Speaking at the World Travel Market in London, Dave Goodger said no region is immune to economic downturn in specific areas of the world.

Britain’s central bank last week said the economy faces it longest recession in 100 years. It predicted the economic downturn that began in the summer could drag on until mid-2024.

The UK’s neighbours are also facing increasing uncertainty amid an energy crisis, rising fuel prices and the war in Ukraine.

Mr Goodger said gas rationing and blackouts across the continent could not be ruled out this winter.

He said such outcomes would have knock-on effects on airlines and tour operators, despite the fact that some countries have “managed to build up a gas storage”.

“It would be primarily felt in Europe,” he told The National.

“Germany and Italy are probably the two biggest gas-importing markets.”

The war in Ukraine has fuelled an energy crisis in Europe, the effects of which are felt farther afield.
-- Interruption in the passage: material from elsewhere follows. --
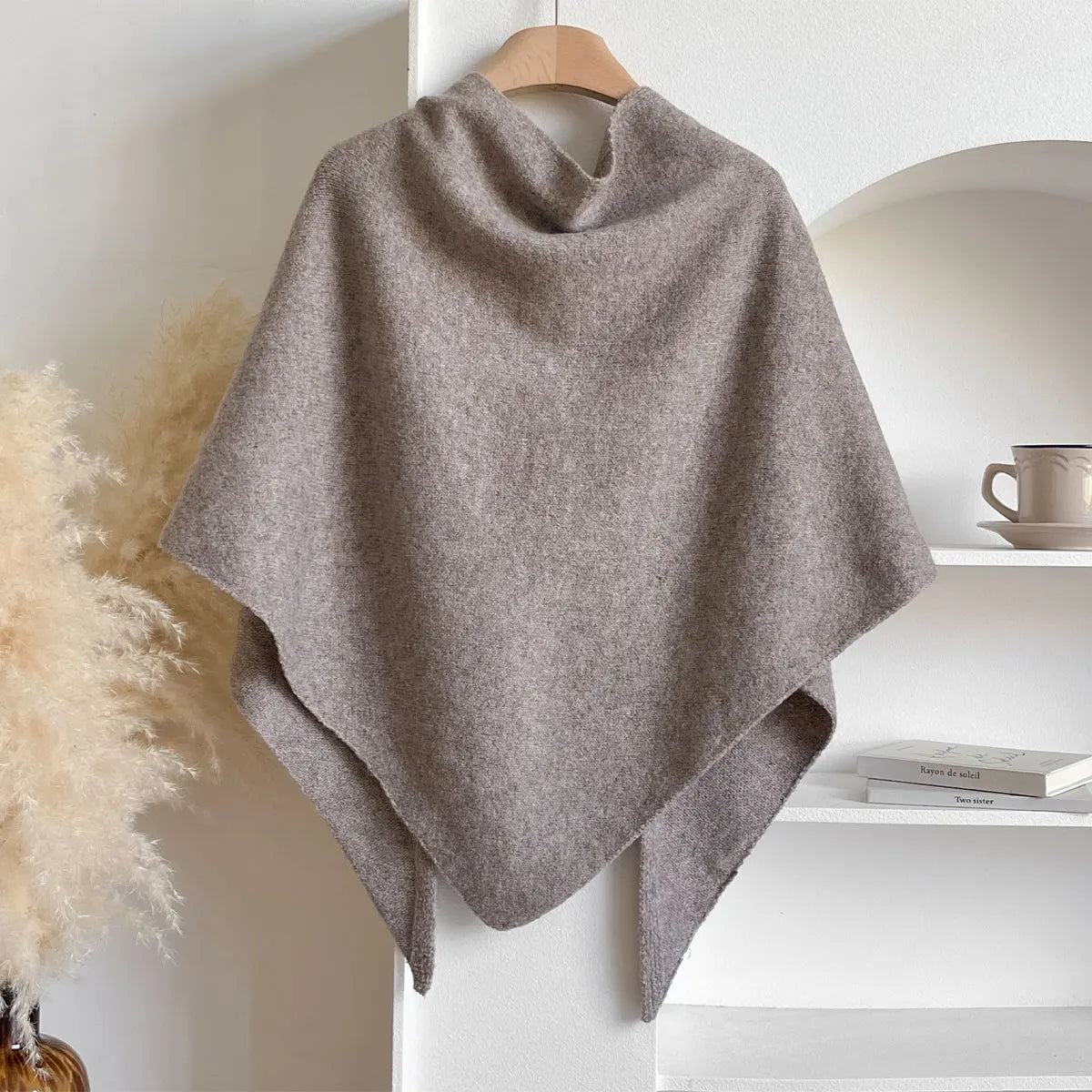 Elara™ Luxe Soft-Weave Scarf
AP
The war in Ukraine has fuelled an energy crisis in Europe, the effects of which are felt farther afield. AP

“They’ve got policies in place to try and reduce their gas usage by 15 per cent,” he said.

“So with that in place, looking at curves for the normal winter, that should be okay. But if it’s a particularly cold winter, then there could be a situation with all of these reserves really running out. There would need to be rationing. Then you're getting into things such as blackouts, not able to heat homes. That will have a much larger impact.”

He predicted a “nasty European recession” that would force advanced economies across the globe to sink into recession over the next 12 months.

He said the problems facing countries in Europe have been exacerbated by supply chain issues, which were present before Russia invaded Ukraine in February.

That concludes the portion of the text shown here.